The instant before a squishy ball of mass meets a horizontal floor and comes to rest in time ?t it has momentum p = p0 (ˆi −ˆj ) .What average force does the floor exert on the ball in order to stop it during this time interval?
it is in magnitude twice momentum, however, not knowing the rebound angle, I don't know which direction (i,r) reverses.
po/t (j-i)
To find the average force exerted by the floor on the ball, we can use the impulse-momentum principle. The impulse-momentum principle states that the change in momentum of an object is equal to the impulse applied to it.

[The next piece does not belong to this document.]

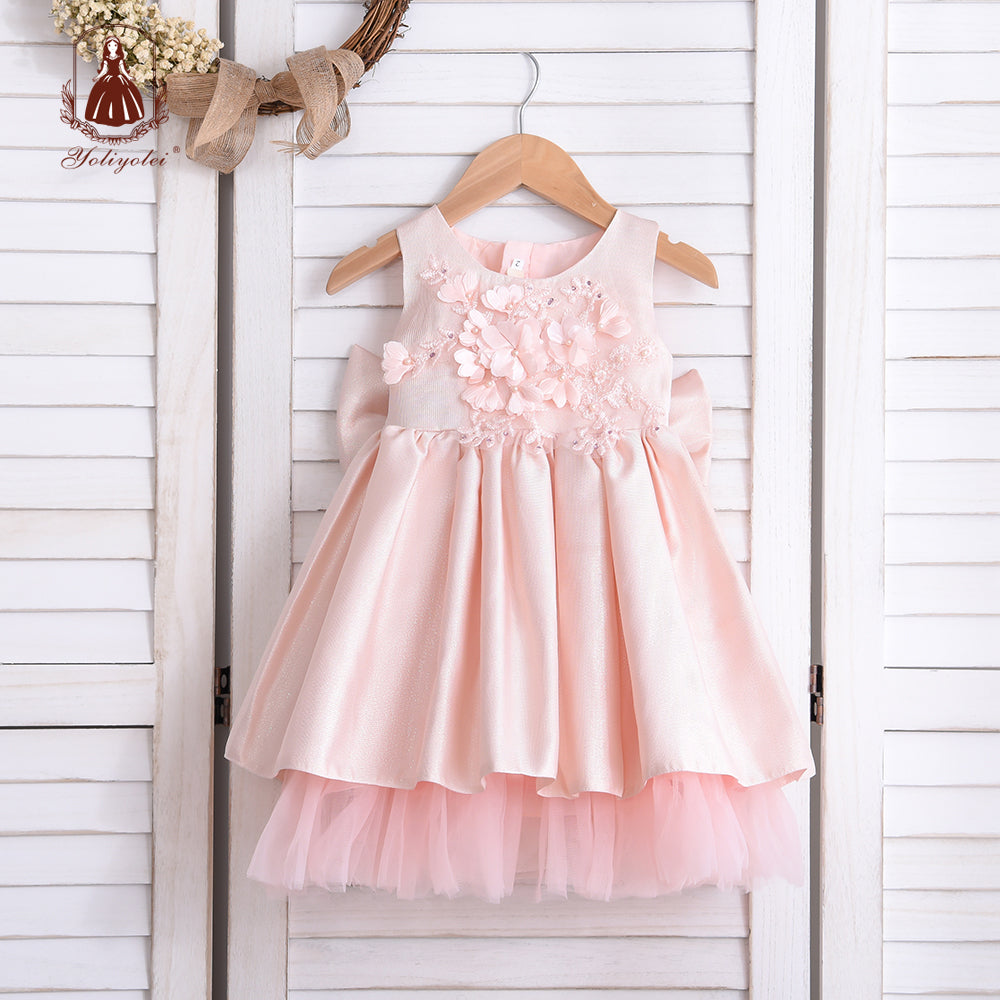 K18007 New Summer Wholesalers Lace Flower Elegant Sleeveless Crew Neck Bow White Party Girl Princess Dress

Here's the step-by-step process to calculate the average force exerted by the floor on the ball:
1. Start by finding the initial momentum of the ball (p0) using the given equation p = p0 (ˆi − ˆj). Since the momentum is a vector quantity, it has both magnitude and direction.
- In this case, the mass of the ball is not given, so we can assume it as "m."
Therefore, the initial momentum (p0) can be expressed as p0 = m(ˆi − ˆj).
2. Determine the final momentum of the ball (pfinal). Since the ball comes to rest, the final momentum is zero.
pfinal = 0
3. Calculate the change in momentum of the ball (∆p) using the formula:
∆p = pfinal - p0
In this case, ∆p = 0 - p0 = -p0
4. Calculate the time interval (∆t) which is given as ∆t = t in the question.
5. Apply the impulse-momentum principle, which states that the change in momentum of an object is equal to the impulse applied to it. Mathematically, it is represented as:
∆p = Favg * ∆t
where Favg represents the average force and ∆t is the time interval.
6. Rearrange the equation to solve for the average force:
Favg = ∆p / ∆t
Since ∆p = -p0, the equation becomes:
Favg = -p0 / ∆t
Substituting the values, the average force exerted by the floor on the ball can be expressed as:
Favg = -p0 / ∆t
Note: The negative sign indicates that the average force is in the direction opposite to the initial momentum vector (ˆi − ˆj).